Governor Ricketts and some lawmakers clash over proposed grocery tax bill

 

With lowering property tax being the main issue facing this legislative session, some senators have proposed the idea of solving the solution by taxing some junk food and bottles of water.

“Taxing working Nebraskans and making their grocery bills more expensive by taxing food, pop, candy, bottled water, is not the answer that is reverse Robin Hood,” Gov. Pete Ricketts said.

Currently, the state of Nebraska is one of 32 other states that do not tax food.

Opponents believe this will hurt low–income families throughout Nebraska, but according to Sen. Tom Briese who introduced the bill, he says there is no intention of hurting any Nebraskans.

“Well we’re not talking about groceries here, we are talking about candy, talking about pop, talking about bottled water. We’re not talking about groceries, this does not have an adverse negative effect on low-income Nebraskans,” Sen.
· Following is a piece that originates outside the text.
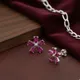Pink Silver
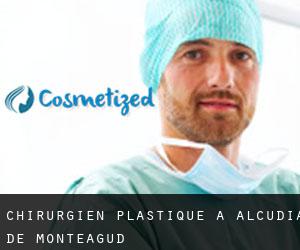 Chirurgien Plastique à Alcudia de Monteagud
Tom Briese of Albion said.

The details inside this bill of what groceries are and are not taxed according to grocers are very complicated. Which has worried some grocers throughout the state on making a mistake taxing the wrong items.
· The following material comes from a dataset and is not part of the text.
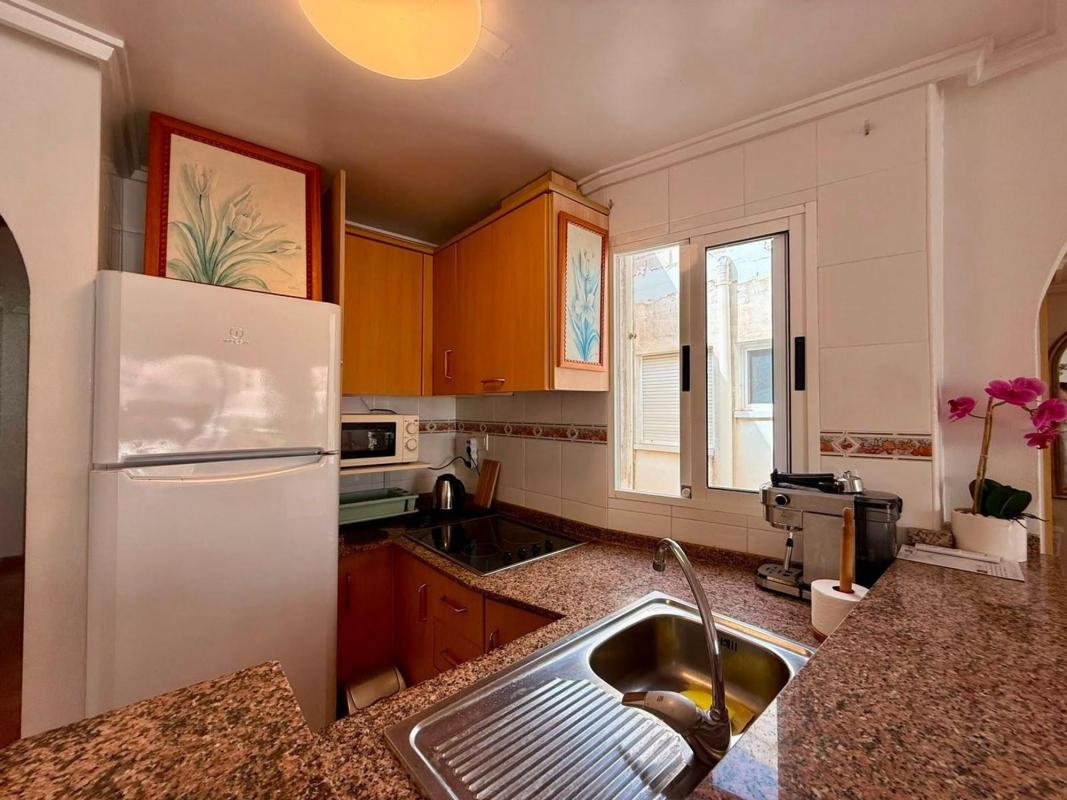 apartment te koop in Torrevieja | 3 slaapkamers H568270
“We in grocery stores have between 40,000 and 50,000 items in a typical grocery store, we believe we would have to read approximately 30,000 labels to determine what is and what is not taxable,” Kathy Siefken the NGIA Executive Director said.
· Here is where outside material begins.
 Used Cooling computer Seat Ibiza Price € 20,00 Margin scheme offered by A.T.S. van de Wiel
According to the revenue committee, it could be just one part of a package of bills that would provide $570 million worth of property tax relief.

While Governor Ricketts wants to make major cuts to the state’s budget to offset the Nebraska property tax problem.

Some state senators don’t believe it’s the right way to solve the tax issue.

“The only responsible way delivering meaningful and substantial property tax relief is to access other revenue sources. It’s irresponsible to suggest that we can slash and burn our way to the property tax relief Nebraska deserve,” Sen. Tom Briese added.

The Nebraska legislature’s revenue committee is planning on meeting later this month to debate how they will solve the problem of property tax relief.